Speaking at the ICI Global Trading and Market Structure Conference in London, Collins told delegates he needed access to the data for day-to-day operations and to demonstrate to regulators and clients how the firm was achieving best execution.
“Unfortunately, you’re not in a position to negotiate because we get the data from one specific source, so to an extent it’s monopolised.”
Collins said competition amongst exchanges didn’t make a difference to the cost of data, because despite choosing one multilateral trading facility, he would still need data from the London Stock Exchange (LSE) for a trade, for example. “If I have data from BATS Chi-X, it’s not enough for me to say I don’t need the LSE anymore.”

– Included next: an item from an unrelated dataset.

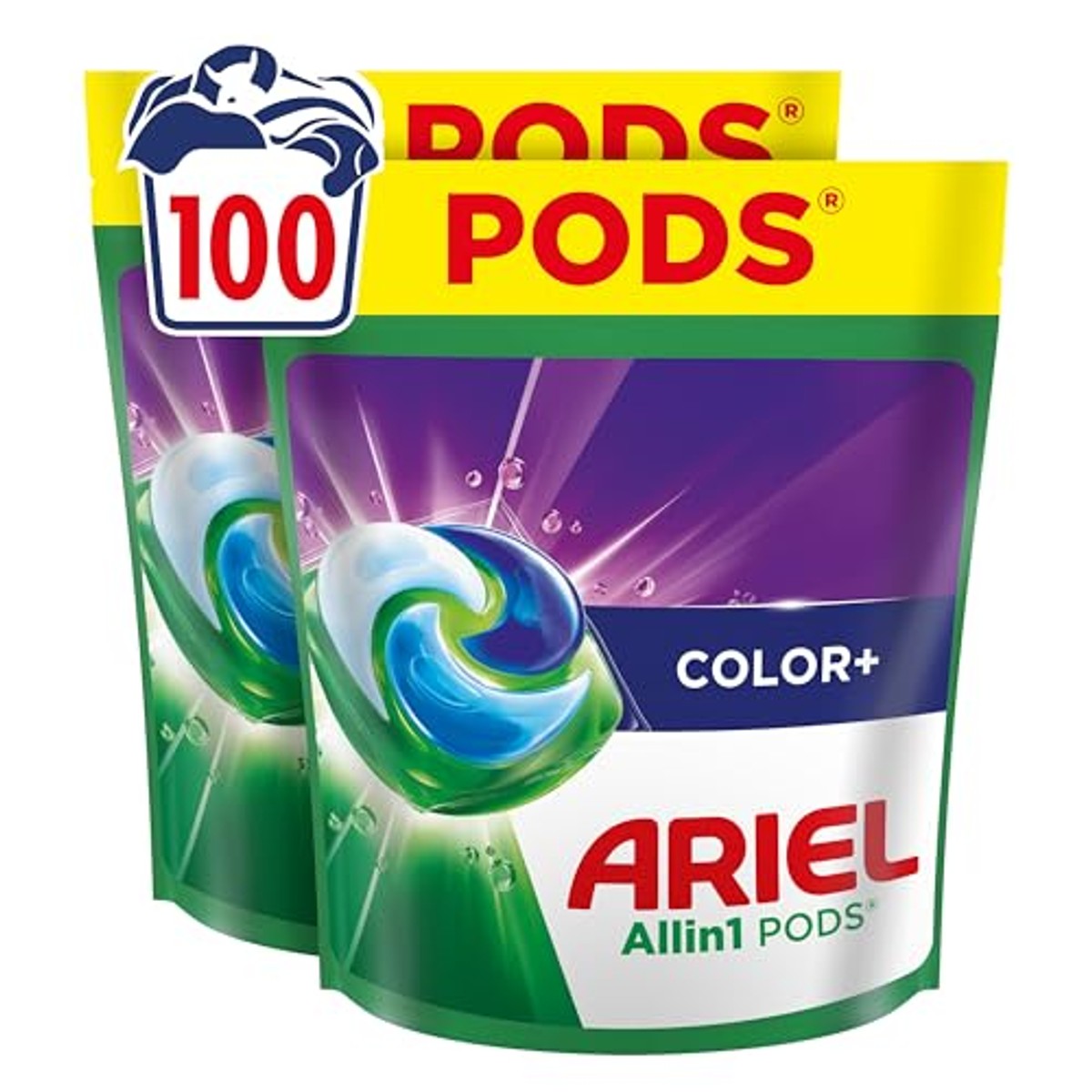 Ariel Pods Color+ Wasmiddel 6 x 100 wasbeurten - Voordeelverpakking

The only answer to resolve the high cost of data was for regulators to step in and ask exchanges how they came up with the price, he said.
However, Mark Schaedel, managing director at Markit, who was also a speaker at the market data and consolidated tape session, said the debate about data costs was a “distraction,” and firms should be more focused on the quality of the information.
“How does Paul see the liquidity in the market without all the other noise? He cannot do that today. The information isn’t there. That’s the fundamental flaw,” he said.
Schaedel said introduction of a consolidated tape was important for transparency and market structure to evolve properly, but without a mandate on how it will be conducted, it was unlikely to yield any useful information.
“The US’ version is something that we want to avoid, and it’s filled with a lot of the garbage that we have set out to separate: the noise from the liquidity of the tape, and we don’t want to create that here.”
Schaedel was one of two executives to establish the COBA Project, an industry-led initiative to find solutions to the commercial considerations that had halted progress of previous attempts to launch a European consolidated tape. COBA was suspended in March due to regulatory uncertainty around MiFID II and lack of support.
Schaedel told delegates that even though the project’s timing was off, the concept was valid. “Until there is an actual mandate or there is a will to facilitate a tape and the commercial structure around it, there is no reason to have one.”
For Robert Hegarty, global head of business development and market structure at Thomson Reuters, the COBA project reflected the lack of demand for a consolidated tape in Europe.
Making reference to FIX, Hegarty said the industry-driven standards body was created because of the request from both buy- and sell-side. “There was demand for the standard and FIX was launched. We are seeing some of the same principles in play here, and we’ve made strides, but it will take someone to stand up and say this is how we want this done,” he said.